September 13, 1993|By Sherry Joe | Sherry Joe,Staff Writer

A tempest in a tutu.

That's the state of affairs between the 400-student Kinetics Dance Theatre, a nonprofit Ellicott City group, and a former school director who has broken away to form her own ballet academy.

The tiff has left some members of the Howard County arts community shaking their heads over a dispute involving some of the county's most prominent dancers.

It all started last spring, when Donna Harrington-Payne and Kinetics Executive Director Dorothy Fried proposed running two schools under the auspices of Kinetics.

One school was to have focused on classical ballet and be based in the Columbia studio where Ms. Harrington-Payne taught ballet before joining Kinetics in 1991.

The other was to have continued Kinetics' emphasis on modern dance and jazz and be based at the Ellicott City headquarters of Kinetics.

But the arrangement quickly unraveled, Ms. Fried said, when Ms. Harrington-Payne began mailing information on classes without asking permission from Kinetics' board of directors.

Ms. Harrington-Payne also ran advertisements for the Ballet Royale Academy without mentioning its sister school at Kinetics, called the Contemporary School of Dance.

"She was getting too independent," Ms. Fried said. "I simply wishshe had said to me, 'I would like to leave Kinetics.' "

The upshot: Last month, the Kinetics board of directors unanimously rejected the plan for two separate schools under the umbrella of Kinetics, fearing that the separate ballet academy would be too independent.

"We felt we couldn't accommodate [Ms. Harrington-Payne] as an independent contractor under us," said board member Janet Martinez.

Ms. Harrington-Payne, who now is running the 300-student Ballet Royale Academy in Columbia without any affiliation to Kinetics, tells a different story.

"We had a mutual agreement that we were very happy to maintain two schools," Ms. Harrington-Payne said of her former partner, Ms. Fried. "I think [the board] cared about financial matters, but that's pure speculation."

Ms. Harrington-Payne said she acted in accordance with her written contract with Kinetics.

Tensions have been building for the past two years, as Kinetics tried to operate its Ellicott City dance studio and Ms. Harrington-Payne's Columbia studio as one school.

Ms. Harrington-Payne was supposed to supervise all dance classes, but couldn't because they were offered at two separate locations, Ms.Fried said.

But Ms. Harrington-Payne contends that she had no administrative staff to help her perform her duties.

"Supporting staff is extremely important in running an organization," Ms. Harrington-Payne said. "For me, the support staff was lacking."

There were differences in philosophy as well.

"She wanted to do a lot of commercial competitions, whereas the board is more interested in choreography, presentation, and performances," Ms. Fried said.

But Ms. Harrington-Payne said she does not enter her students in any local or regional competitions, participating only in a quadrennial international competition that is taking place in Bulgaria next summer.

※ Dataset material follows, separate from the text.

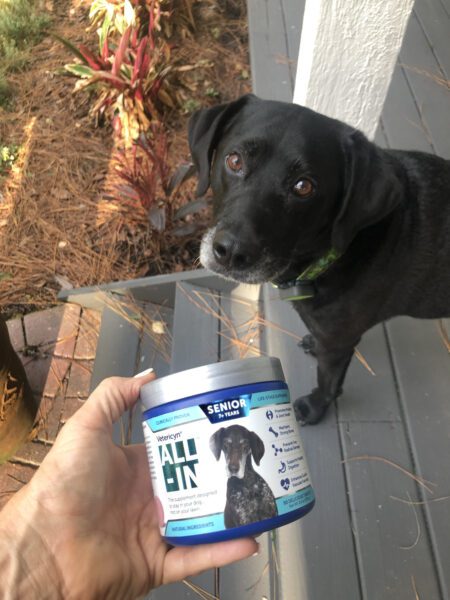 Chilly takes a digestive supplement called ALL-IN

"My commitment is not to numbers [of students], not to money, but to students," Ms. Harrington-Payne said.

"The focus [of Kinetics] is to build a very, very strong company," she said. "My emphasis is on nurturing professional dancers that are able to perform at any level."

The whole affair saddens Mary Toth, executive director of the Howard County Arts Council, who said there is enough room in the county for both dance programs.

"Donna is a superb teacher, and Dottie [Ms. Fried] runs a superb program," Ms. Toth said. "This is unfortunate. Sometimes these things are inevitable. A lot of businesses break up because one partner doesn't see eye-to-eye."